• _Exercise brief_:
State how many lines in the listing contain the string "Tory", and add nothing to that number.

• _Given information_:
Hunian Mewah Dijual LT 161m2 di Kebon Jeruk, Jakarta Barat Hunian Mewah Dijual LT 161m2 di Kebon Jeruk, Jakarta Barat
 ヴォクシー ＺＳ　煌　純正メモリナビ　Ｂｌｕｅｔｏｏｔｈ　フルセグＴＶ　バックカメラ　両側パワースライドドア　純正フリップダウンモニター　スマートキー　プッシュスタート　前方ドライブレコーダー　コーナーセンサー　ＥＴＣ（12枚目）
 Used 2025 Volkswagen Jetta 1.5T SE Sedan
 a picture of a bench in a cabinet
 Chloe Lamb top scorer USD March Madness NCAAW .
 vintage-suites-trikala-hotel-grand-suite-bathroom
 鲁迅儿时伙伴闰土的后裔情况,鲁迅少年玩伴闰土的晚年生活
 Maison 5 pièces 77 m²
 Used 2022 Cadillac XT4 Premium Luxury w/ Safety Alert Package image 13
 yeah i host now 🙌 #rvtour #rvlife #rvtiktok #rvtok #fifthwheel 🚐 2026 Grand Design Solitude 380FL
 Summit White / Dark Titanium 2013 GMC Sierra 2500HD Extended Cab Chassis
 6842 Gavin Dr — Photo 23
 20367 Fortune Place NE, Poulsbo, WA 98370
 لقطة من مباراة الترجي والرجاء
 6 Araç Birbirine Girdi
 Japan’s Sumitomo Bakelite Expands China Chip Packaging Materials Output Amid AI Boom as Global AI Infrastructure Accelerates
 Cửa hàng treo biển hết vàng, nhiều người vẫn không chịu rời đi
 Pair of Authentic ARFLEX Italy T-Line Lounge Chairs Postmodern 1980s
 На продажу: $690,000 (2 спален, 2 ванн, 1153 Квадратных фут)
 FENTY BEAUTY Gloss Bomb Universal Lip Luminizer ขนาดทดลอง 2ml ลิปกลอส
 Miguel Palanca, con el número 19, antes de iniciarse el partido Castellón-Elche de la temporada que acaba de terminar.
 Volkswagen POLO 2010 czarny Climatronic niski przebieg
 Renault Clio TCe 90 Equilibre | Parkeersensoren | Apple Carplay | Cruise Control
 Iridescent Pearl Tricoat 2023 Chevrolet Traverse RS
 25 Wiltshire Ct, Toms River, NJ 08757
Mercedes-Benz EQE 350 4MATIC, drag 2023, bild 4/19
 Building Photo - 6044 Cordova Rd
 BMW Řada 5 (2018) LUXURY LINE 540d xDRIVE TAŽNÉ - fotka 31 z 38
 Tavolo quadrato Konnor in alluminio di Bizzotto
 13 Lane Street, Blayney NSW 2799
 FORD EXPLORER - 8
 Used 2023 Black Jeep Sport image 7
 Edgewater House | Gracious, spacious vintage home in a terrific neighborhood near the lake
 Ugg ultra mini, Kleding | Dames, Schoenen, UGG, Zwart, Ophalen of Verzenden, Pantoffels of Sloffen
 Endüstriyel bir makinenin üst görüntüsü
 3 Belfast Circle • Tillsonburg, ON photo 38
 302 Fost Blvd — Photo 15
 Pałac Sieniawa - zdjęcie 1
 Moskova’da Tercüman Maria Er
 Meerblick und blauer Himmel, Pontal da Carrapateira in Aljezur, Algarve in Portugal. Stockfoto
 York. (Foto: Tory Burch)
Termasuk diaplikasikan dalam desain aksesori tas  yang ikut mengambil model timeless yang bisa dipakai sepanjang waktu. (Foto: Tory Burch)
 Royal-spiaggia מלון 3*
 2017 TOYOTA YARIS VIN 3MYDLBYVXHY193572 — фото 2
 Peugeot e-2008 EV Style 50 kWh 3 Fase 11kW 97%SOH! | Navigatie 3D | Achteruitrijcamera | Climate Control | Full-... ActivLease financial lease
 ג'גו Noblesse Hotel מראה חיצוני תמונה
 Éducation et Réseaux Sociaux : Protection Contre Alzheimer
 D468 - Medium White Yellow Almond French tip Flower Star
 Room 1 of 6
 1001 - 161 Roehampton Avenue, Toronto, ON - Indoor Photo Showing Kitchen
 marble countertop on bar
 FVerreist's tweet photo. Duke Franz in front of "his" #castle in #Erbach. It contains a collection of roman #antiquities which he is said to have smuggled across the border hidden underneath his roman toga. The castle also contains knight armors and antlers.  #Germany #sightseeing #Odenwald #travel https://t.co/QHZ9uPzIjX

• _Expected answer_:
2